あの花が咲く丘で、君とまた出会えたら。
―空に散る華
第二章 仲夏
第3節 空に散る華
*
翌朝、千代が店にやって来た。
「石丸さんたち、出撃だってね」
千代は笑いながら言ったけど、その瞳の奥底にある複雑な色に、あたしは気づいてしまう。
「うん………明後日の十三時半」
あたしが小さく答えると、千代はこくりと頷いた。
あたしたちは店先に並んで座り、静かに話をした。
千代が石丸さんとの出会いを教えてくれた。
「私の通ってる女学校でね、勤労奉仕で特攻隊のかたのお世話をしているの。
毎日基地の兵舎まで通って、隊員さんたちのお洗濯ものを洗って差し上げたり、靴下なんかの繕い物をしたり、お食事のお世話をしたり。

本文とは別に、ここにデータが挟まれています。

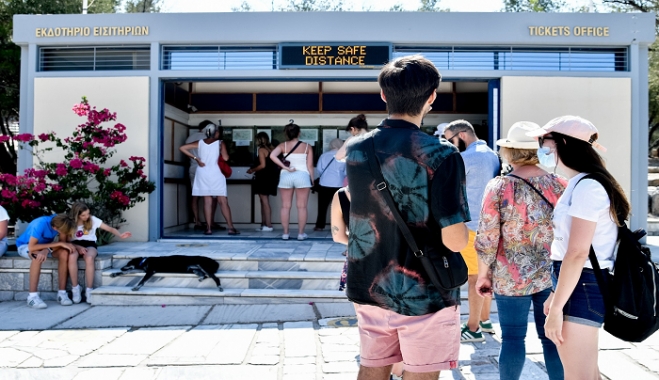 «Καμίνι» η χώρα, θερμοκρασία έως και 40 βαθμούς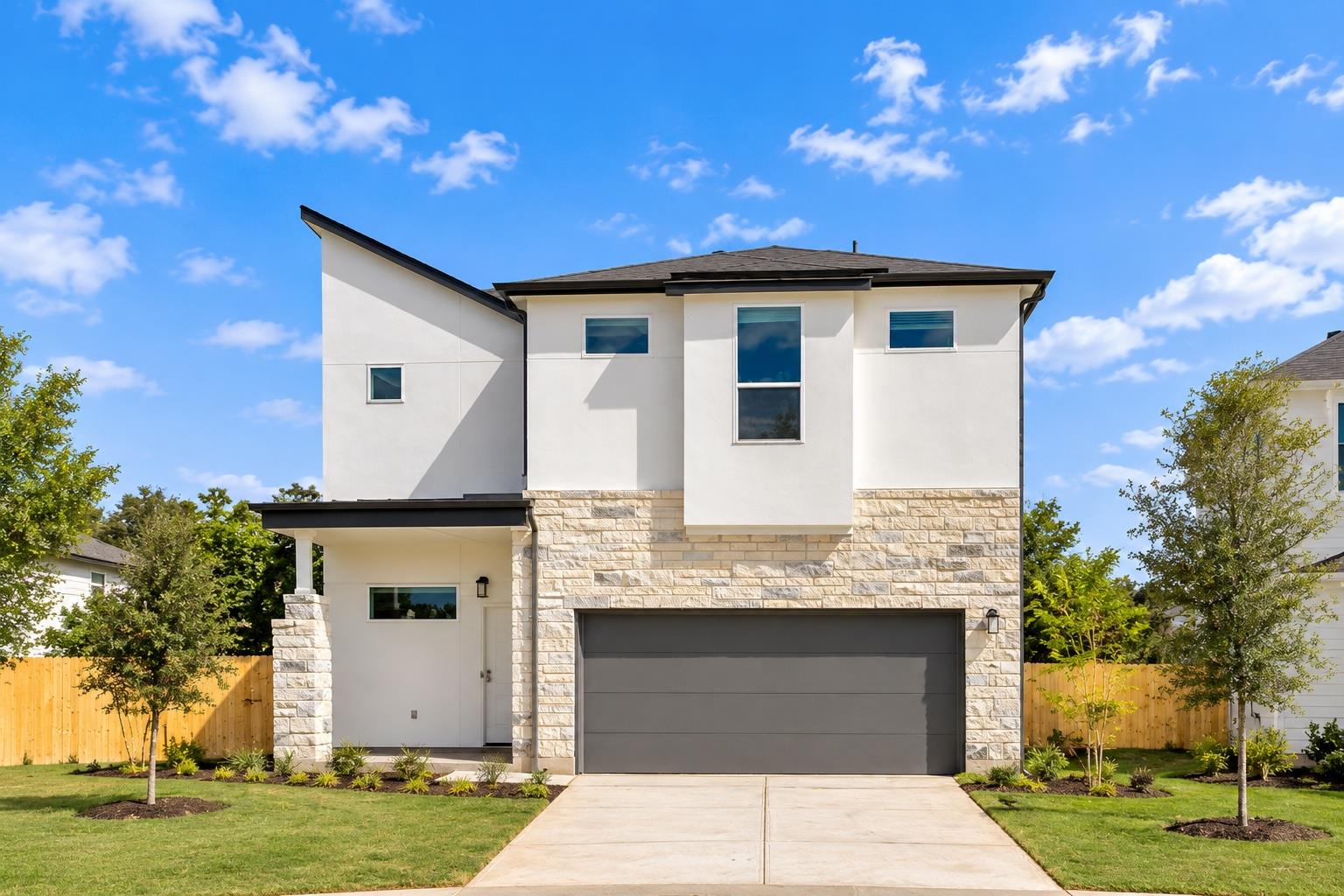 17511 Emperador Dr Property Photo 1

お食事の後は、みんなで輪になって色んなお話もしたりするの。
最初の頃はね、隊員さんたちと話すのが恥ずかしくて、みんな緊張していた。
そしたらね、石丸さんが私たちの緊張をほぐそうとしたんでしょうね、故郷の盆踊りを見せてくれたの。
あんまり音痴で、しかも不思議な動きをするもんだから、みんな笑ってしまった。
でも、それで恥ずかしいのも飛んでいって、すぐに隊員さんたちと打ち解けてお話できるようになったの。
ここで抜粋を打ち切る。